In less than one week Homer voters will be asked to spend $17 million on two public projects that too few young voters are paying attention to. A $12-million police station and $4.8 million to bail out the hospital. We expect the folks behind these projects to support them — but why should the rest of us — young people in particular?
The city of Homer has been careening back and forth for years about our ability to even retain an adequate amount of employees to take care of what we currently have. Just like the state of Alaska on the verge of a budget collapse, we have no business at this time crashing through a dangerous fiscal intersection when the yellow light is flashing so brightly.

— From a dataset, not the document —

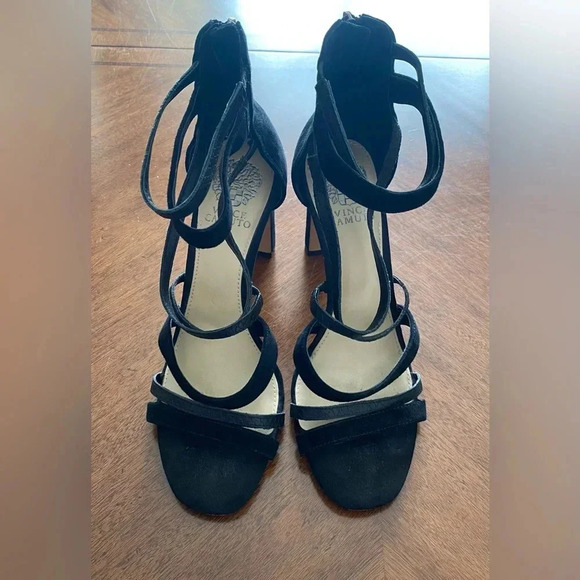 Vince Camuto Black Strappy Leather & Suede 4” Block Heel Zip EUC Women’s Size: 9 - Picture 3 of 8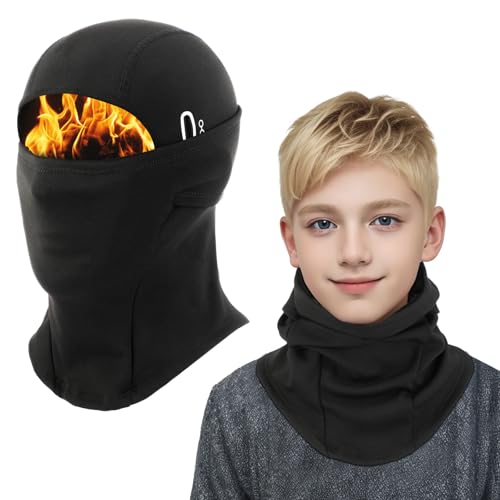 AYPOW Kinder Sturmhaube Winter, Multifunktional Winddicht Fleece Warm Skimaske Radfahren Gesichtsmaske unter dem Helm, Sturmmaske Mütze mit Halswärmer für Jungen Mädchen 4–12, Winter Outdoor Sport von AYPOW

Your vote is about what you think our local priorities should be. To be against an expensive police building is not to be against police. And yet that is what the project supporters will say. We should also be very concerned about older people telling us we should raise tax rates to build this. This tendency to pass the burden of government onto the backs of younger people because of the ideas of older people needs to be restrained.
The case of the $5 million for the hospital is hard to swallow. Basically much of it boils down to the fact that they bought a clinic without asking us and now they think we should cough up money to make it work. Health care costs in Alaska are on the verge of going over a cliff. It’s truly amazing to watch this public institution siphon ever bigger chunks out of the economy and yet stand there asking for more.
There are different ways to accomplish public purposes. Just because some fairly smart older people sit down at meetings and move projects forward doesn’t make them the right thing to do. And our young people — especially, who pay a disproportionate share of their earnings on local taxes — need to find the voice to say “ do it differently.”
This vote is as good of place to start as any.